▸ **YOUR GOAL**:
A word-for-word copy of the data is what's wanted, with no pictures.
BEGIN
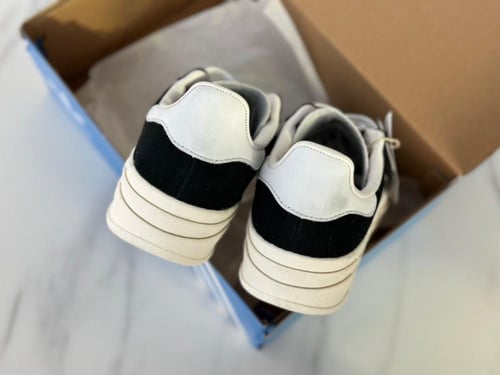 حذاء ماركة Adidas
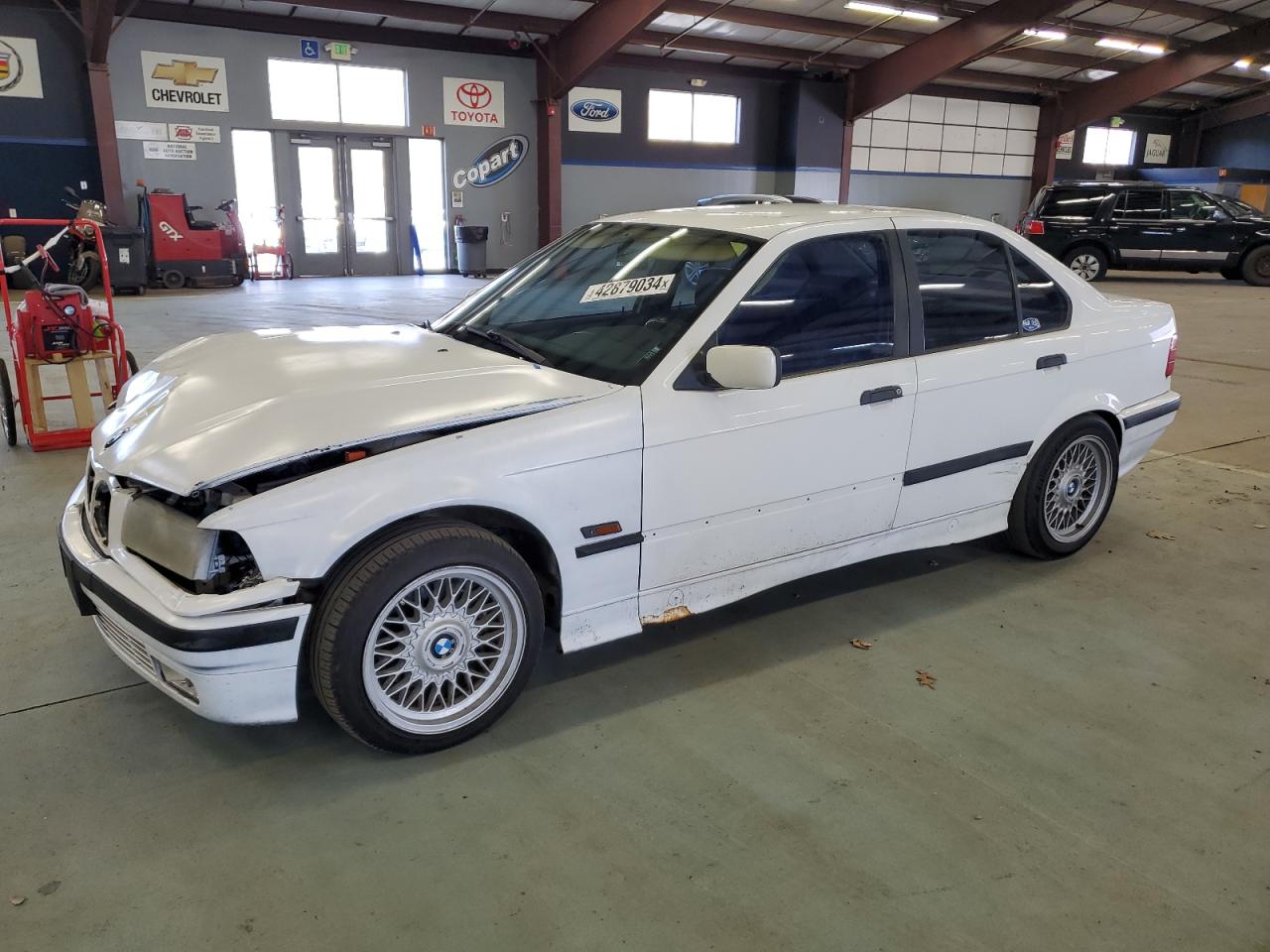 BMW 3ER 1992 wbacb3319nfe09471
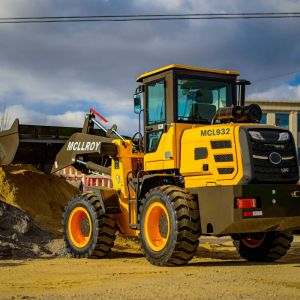 Multifunctional 2 Ton Wheel Loader Small For Construction Agriculture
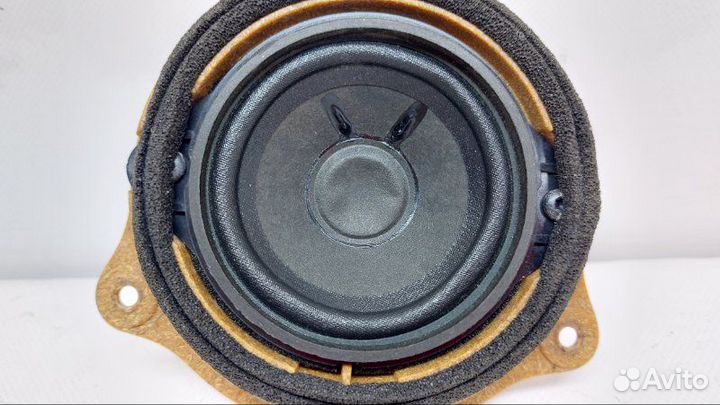 Динамик передний Audi A6 C6 3.2 2006
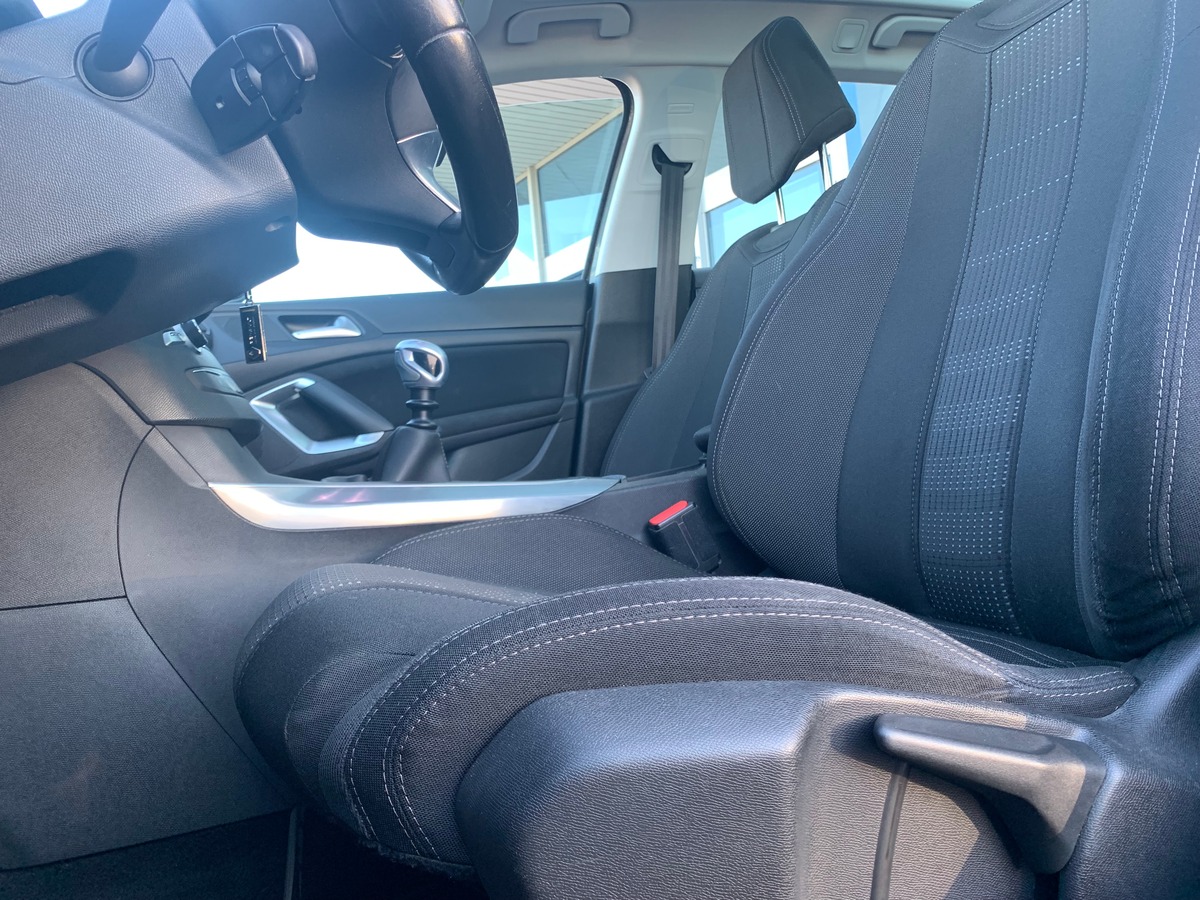 Peugeot 308 115 chevaux | Toit panoramique | Régulateur de vitesse | GPS | Attelage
END
▸ **PROBLEM SOLUTION**:
 حذاء ماركة Adidas
 BMW 3ER 1992 wbacb3319nfe09471
 Multifunctional 2 Ton Wheel Loader Small For Construction Agriculture
 Динамик передний Audi A6 C6 3.2 2006
 Peugeot 308 115 chevaux | Toit panoramique | Régulateur de vitesse | GPS | Attelage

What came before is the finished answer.